Unlike most of this year’s big pop shows at the Arena, this was a stripped-down, gimmick-free affair, with no props, no dance troupes and no costume changes. If the playing had been anything less than spot-on, this could have made for a lacklustre show – but with the focus placed squarely upon the music, the players rose to the challenge. This was a tight, funky, versatile team, who could effortlessly switch from reggae to soul, and from R&B to rock, drawing on past traditions – the show often felt like a classic soul revue – while connecting with contemporary trends.
As for Bruno himself, he had an unusual knack of combining sunny wholesomeness – there was more than a touch of Donny Osmond about him, particularly in the dental department – with an unblinking sexual directness, such that even the ruder lyrics still somehow sounded clean. Steeped in music since childhood, his references ranged from Michael Jackson (particularly on Top Of The World, introduced as the first song he ever wrote) to James Brown (Runaway Baby, as recently performed on The X Factor, was an early highlight), via Fifties doo-wop, Sixties Motown and Seventies reggae.

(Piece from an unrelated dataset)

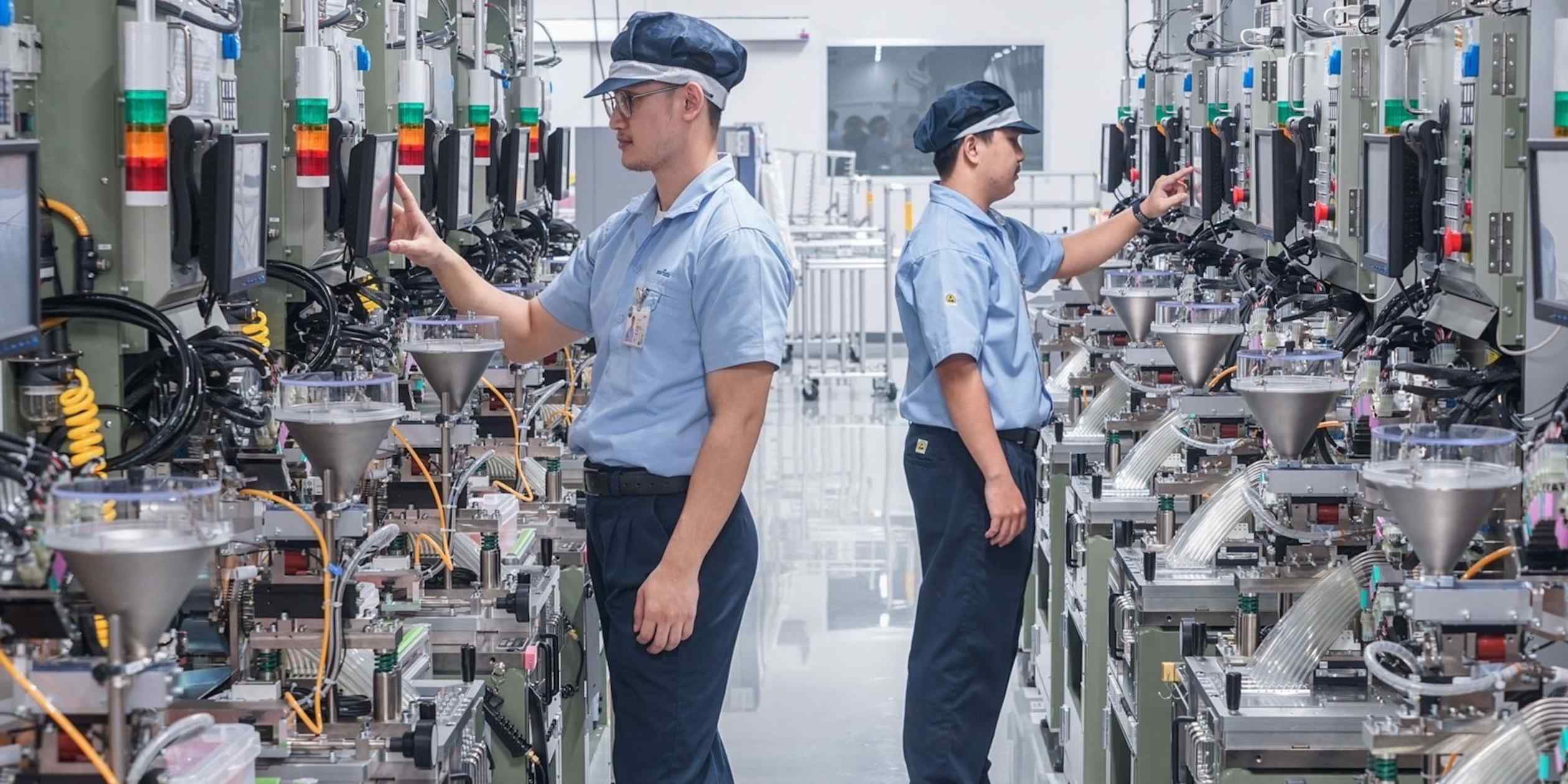 murata distributors china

The Doo-Wops & Hooligans album, from which most of the set was drawn, is a light, easy-going affair for the most part, with something of the relaxed appeal of Bruno’s fellow Hawaiian, Jack Johnson. It’s the sort of album which might have soundtracked your holiday, wafting out of your favourite beach bar for days on end. Sure, it’s undemanding stuff for the most part, and lyrics such as “You can count on me, like one two three” are hardly likely to be remembered as enduring classics, but there has always been a place in pop for simple good cheer, and it was hard to argue with the effect that it had on the Arena’s capacity crowd. Beautifully sung and fondly executed, the ninety minute set left nine thousand happy fans wreathed in smiles. Job well done, Mister Mars.
Set list: The Other Side, Top Of The World, Money (That’s What I Want), Billionaire, Our First Time, Runaway Baby, Marry You, The Lazy Song, Count On Me, Liquor Store Blues, Nothin’ On You, Grenade, Just The Way You Are, Lighters, Talking To The Moon.